Only the lines below from the one that contains "RANGE ROVER RRC" through the one that contains "ban.do Ceramic Vase, Whipped Cream" should appear in your answer, exact and without pictures.

DATA FOR REVIEW:
⟨
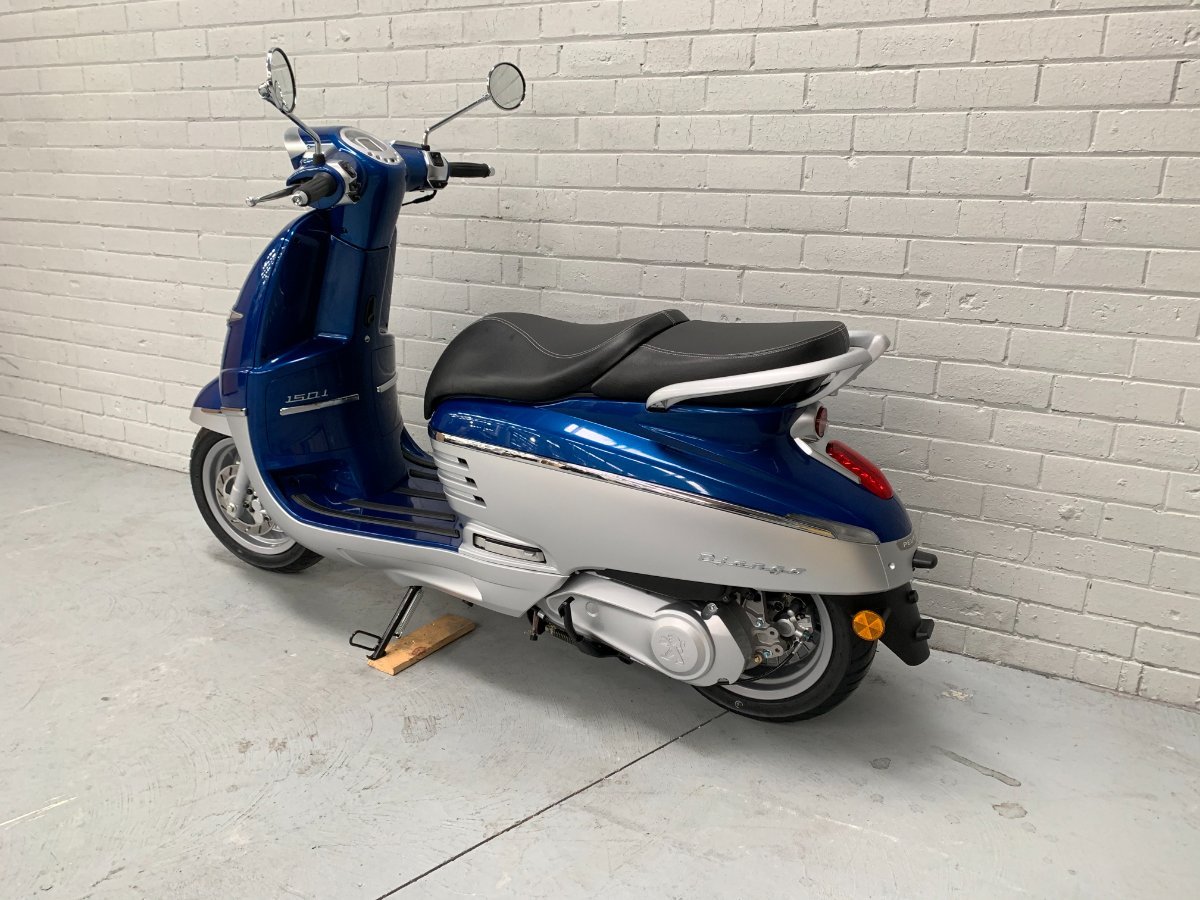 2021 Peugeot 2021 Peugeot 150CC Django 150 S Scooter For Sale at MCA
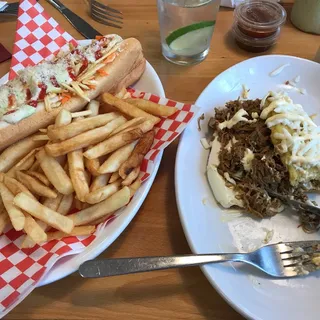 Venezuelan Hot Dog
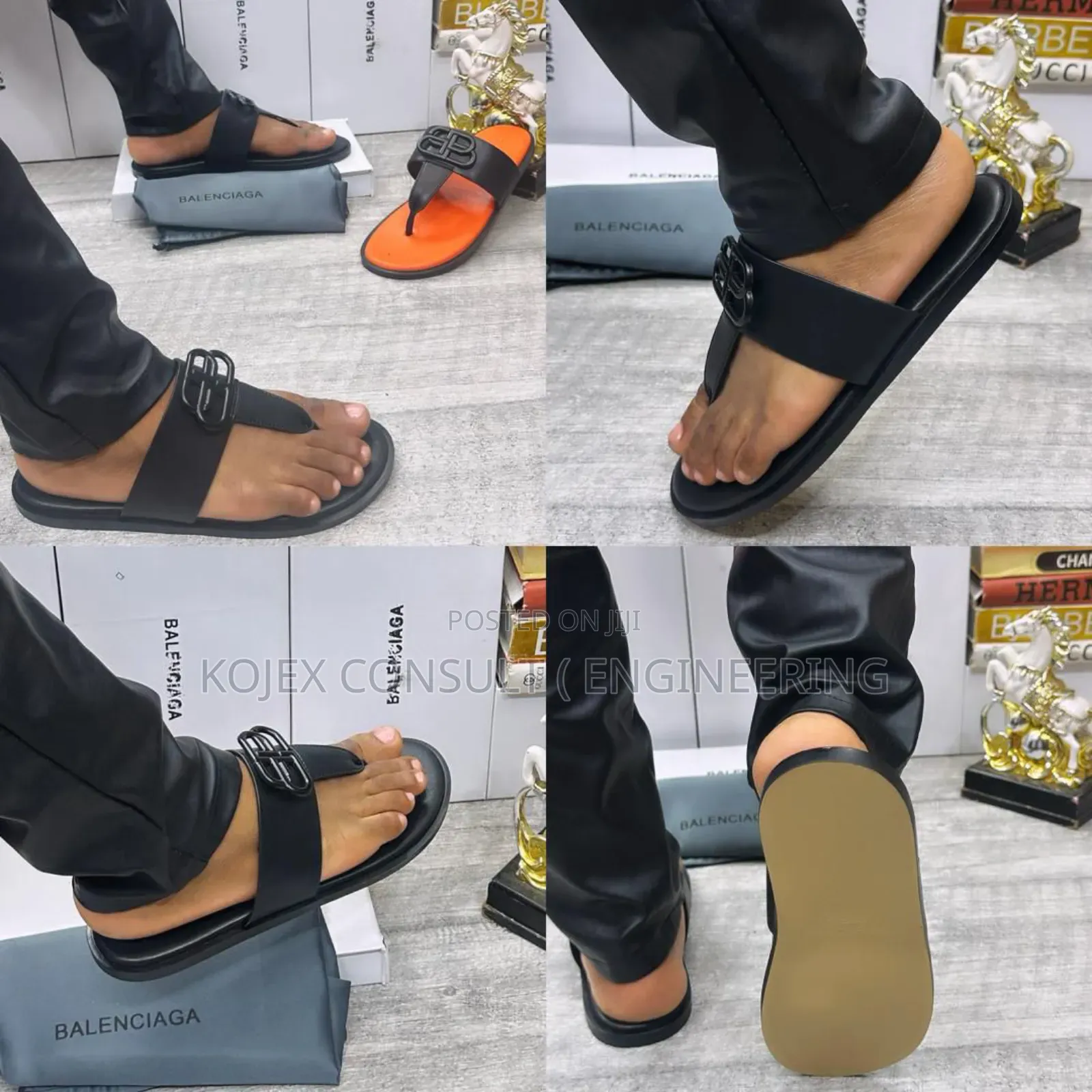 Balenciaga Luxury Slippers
⟩
⟨
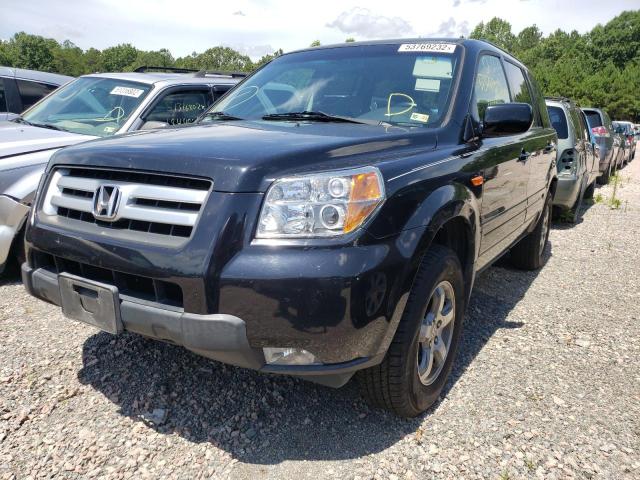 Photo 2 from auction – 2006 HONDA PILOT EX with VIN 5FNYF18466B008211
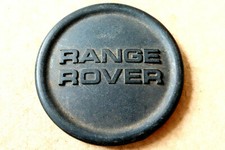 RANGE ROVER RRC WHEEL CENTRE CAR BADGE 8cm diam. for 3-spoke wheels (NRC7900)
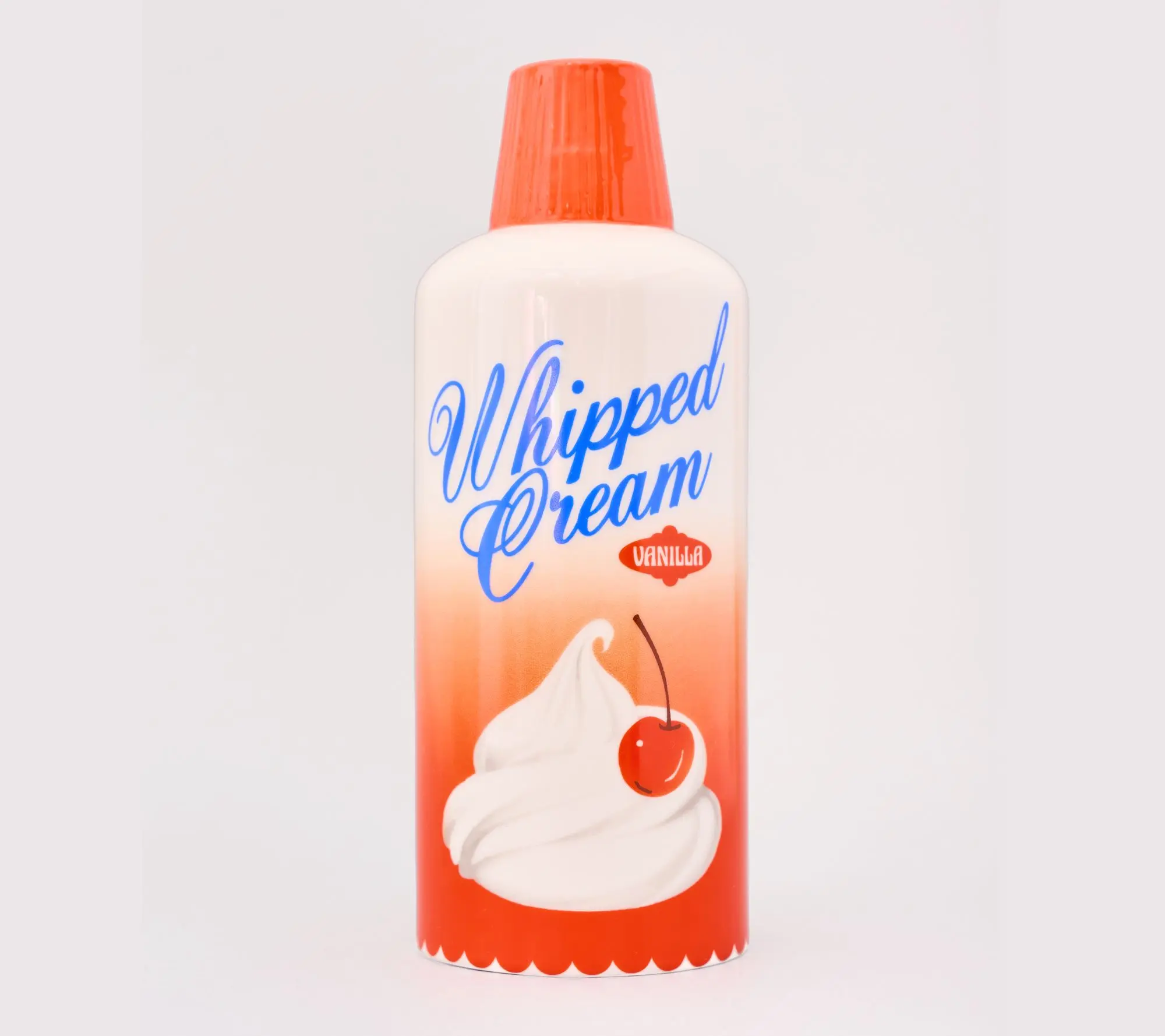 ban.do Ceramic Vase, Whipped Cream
⟩
⟨
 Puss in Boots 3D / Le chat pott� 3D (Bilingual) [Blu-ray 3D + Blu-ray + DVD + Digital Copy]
⟩
ANSWER BOX:
 RANGE ROVER RRC WHEEL CENTRE CAR BADGE 8cm diam. for 3-spoke wheels (NRC7900)
 ban.do Ceramic Vase, Whipped Cream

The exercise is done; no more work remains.